(Task instructions): Your answer should be the lines below from the one with "Building Photo - 673 NE 191st St" to the one with "Valentine | Botines Elegantes con Tacón", both included, given again exactly and with nothing added.

Records to use section start

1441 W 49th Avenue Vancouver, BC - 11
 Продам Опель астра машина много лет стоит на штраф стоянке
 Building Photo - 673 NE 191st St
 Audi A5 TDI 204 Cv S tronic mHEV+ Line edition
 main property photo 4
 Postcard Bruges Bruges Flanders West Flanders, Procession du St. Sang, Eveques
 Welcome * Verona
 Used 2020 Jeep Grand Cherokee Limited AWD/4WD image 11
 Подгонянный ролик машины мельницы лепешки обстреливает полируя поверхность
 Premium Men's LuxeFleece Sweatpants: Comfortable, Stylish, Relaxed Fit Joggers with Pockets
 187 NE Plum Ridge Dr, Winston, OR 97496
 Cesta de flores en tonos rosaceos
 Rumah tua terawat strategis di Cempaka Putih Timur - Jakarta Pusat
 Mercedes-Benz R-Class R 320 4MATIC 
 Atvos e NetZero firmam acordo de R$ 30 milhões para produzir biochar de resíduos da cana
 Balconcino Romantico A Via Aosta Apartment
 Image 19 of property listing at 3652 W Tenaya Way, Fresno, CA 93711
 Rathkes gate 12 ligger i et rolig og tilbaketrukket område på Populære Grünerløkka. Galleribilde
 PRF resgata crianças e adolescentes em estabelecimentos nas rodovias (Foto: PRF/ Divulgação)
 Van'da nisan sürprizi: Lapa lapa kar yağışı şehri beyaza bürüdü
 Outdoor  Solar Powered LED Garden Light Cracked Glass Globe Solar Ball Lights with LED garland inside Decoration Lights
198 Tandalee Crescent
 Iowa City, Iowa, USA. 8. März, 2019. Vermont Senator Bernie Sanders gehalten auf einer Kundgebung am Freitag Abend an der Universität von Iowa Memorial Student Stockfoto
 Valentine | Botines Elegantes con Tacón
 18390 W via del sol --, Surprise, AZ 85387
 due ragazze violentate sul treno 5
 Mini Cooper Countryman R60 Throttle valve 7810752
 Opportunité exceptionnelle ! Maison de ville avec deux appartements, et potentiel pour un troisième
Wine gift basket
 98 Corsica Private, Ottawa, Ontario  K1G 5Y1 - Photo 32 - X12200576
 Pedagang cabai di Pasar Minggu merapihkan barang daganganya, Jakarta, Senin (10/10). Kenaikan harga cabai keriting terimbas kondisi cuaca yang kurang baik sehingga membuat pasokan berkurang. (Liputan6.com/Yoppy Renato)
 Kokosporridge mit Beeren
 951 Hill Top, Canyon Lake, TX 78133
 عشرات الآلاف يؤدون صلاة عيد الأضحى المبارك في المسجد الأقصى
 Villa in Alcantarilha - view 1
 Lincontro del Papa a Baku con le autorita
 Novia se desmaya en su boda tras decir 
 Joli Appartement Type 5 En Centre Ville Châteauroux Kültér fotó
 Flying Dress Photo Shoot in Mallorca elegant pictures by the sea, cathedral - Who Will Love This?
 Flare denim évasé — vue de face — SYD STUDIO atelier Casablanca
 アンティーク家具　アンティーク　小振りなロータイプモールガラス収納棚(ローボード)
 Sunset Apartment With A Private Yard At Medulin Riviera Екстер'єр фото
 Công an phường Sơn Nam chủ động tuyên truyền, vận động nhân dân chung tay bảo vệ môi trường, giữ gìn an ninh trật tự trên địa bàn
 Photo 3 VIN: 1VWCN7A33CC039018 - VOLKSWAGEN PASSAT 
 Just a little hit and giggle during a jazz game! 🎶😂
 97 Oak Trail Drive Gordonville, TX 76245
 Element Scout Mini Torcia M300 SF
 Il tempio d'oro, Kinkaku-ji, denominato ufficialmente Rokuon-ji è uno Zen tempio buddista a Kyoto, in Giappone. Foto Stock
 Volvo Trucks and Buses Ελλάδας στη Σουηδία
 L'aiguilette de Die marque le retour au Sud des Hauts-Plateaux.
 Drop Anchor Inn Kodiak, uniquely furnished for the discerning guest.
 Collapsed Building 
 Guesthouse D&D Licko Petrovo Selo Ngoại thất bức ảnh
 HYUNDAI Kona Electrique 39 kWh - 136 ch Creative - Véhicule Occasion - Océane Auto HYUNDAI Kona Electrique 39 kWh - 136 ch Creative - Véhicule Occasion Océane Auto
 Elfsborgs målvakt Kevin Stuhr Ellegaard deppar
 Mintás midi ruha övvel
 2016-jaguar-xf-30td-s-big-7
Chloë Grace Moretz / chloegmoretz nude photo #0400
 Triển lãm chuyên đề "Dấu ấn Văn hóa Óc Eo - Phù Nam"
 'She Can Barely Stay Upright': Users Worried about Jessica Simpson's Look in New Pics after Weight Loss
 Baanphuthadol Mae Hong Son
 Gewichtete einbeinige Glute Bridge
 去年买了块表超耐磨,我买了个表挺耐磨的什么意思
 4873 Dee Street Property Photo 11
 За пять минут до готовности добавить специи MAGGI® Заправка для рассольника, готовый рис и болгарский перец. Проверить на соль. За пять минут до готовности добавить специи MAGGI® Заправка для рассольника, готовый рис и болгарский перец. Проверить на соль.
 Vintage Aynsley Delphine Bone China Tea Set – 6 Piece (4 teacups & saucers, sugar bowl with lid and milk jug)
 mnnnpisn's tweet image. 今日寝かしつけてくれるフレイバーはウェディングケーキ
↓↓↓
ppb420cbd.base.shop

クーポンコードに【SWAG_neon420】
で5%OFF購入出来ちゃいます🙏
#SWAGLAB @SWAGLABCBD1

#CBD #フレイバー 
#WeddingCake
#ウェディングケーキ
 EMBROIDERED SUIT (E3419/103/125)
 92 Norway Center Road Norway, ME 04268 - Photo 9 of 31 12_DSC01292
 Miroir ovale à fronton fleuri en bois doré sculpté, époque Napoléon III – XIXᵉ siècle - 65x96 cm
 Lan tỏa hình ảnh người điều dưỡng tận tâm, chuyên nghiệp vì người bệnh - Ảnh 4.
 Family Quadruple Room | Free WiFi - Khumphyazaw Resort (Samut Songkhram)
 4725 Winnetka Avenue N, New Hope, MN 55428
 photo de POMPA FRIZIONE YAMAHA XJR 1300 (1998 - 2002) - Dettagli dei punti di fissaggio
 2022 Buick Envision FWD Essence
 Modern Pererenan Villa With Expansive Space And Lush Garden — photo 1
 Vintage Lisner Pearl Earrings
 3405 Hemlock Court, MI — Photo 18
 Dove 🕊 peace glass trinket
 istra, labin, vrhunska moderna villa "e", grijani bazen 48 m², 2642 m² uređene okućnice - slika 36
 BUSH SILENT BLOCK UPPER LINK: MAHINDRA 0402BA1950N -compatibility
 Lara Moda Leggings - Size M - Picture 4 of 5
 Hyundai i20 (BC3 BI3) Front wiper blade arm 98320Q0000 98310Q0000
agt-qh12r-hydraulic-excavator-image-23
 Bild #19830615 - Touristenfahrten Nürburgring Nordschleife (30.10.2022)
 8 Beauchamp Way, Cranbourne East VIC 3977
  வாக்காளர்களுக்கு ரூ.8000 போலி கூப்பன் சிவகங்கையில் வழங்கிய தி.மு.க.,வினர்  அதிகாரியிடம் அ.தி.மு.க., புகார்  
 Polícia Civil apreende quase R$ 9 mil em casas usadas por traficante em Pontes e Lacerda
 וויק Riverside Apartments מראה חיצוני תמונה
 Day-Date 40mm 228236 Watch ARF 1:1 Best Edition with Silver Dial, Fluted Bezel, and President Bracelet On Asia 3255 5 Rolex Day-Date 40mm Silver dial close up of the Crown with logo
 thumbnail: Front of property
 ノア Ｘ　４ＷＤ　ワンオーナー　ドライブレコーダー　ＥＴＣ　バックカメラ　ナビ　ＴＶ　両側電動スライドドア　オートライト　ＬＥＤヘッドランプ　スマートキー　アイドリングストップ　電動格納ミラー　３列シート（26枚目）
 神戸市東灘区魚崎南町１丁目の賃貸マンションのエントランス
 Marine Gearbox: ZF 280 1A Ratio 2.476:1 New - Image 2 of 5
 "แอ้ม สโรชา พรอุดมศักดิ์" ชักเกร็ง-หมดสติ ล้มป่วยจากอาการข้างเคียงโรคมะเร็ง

Records to use section end

(The answer):
 Building Photo - 673 NE 191st St
 Audi A5 TDI 204 Cv S tronic mHEV+ Line edition
 main property photo 4
 Postcard Bruges Bruges Flanders West Flanders, Procession du St. Sang, Eveques
 Welcome * Verona
 Used 2020 Jeep Grand Cherokee Limited AWD/4WD image 11
 Подгонянный ролик машины мельницы лепешки обстреливает полируя поверхность
 Premium Men's LuxeFleece Sweatpants: Comfortable, Stylish, Relaxed Fit Joggers with Pockets
 187 NE Plum Ridge Dr, Winston, OR 97496
 Cesta de flores en tonos rosaceos
 Rumah tua terawat strategis di Cempaka Putih Timur - Jakarta Pusat
 Mercedes-Benz R-Class R 320 4MATIC 
 Atvos e NetZero firmam acordo de R$ 30 milhões para produzir biochar de resíduos da cana
 Balconcino Romantico A Via Aosta Apartment
 Image 19 of property listing at 3652 W Tenaya Way, Fresno, CA 93711
 Rathkes gate 12 ligger i et rolig og tilbaketrukket område på Populære Grünerløkka. Galleribilde
 PRF resgata crianças e adolescentes em estabelecimentos nas rodovias (Foto: PRF/ Divulgação)
 Van'da nisan sürprizi: Lapa lapa kar yağışı şehri beyaza bürüdü
 Outdoor  Solar Powered LED Garden Light Cracked Glass Globe Solar Ball Lights with LED garland inside Decoration Lights
198 Tandalee Crescent
 Iowa City, Iowa, USA. 8. März, 2019. Vermont Senator Bernie Sanders gehalten auf einer Kundgebung am Freitag Abend an der Universität von Iowa Memorial Student Stockfoto
 Valentine | Botines Elegantes con Tacón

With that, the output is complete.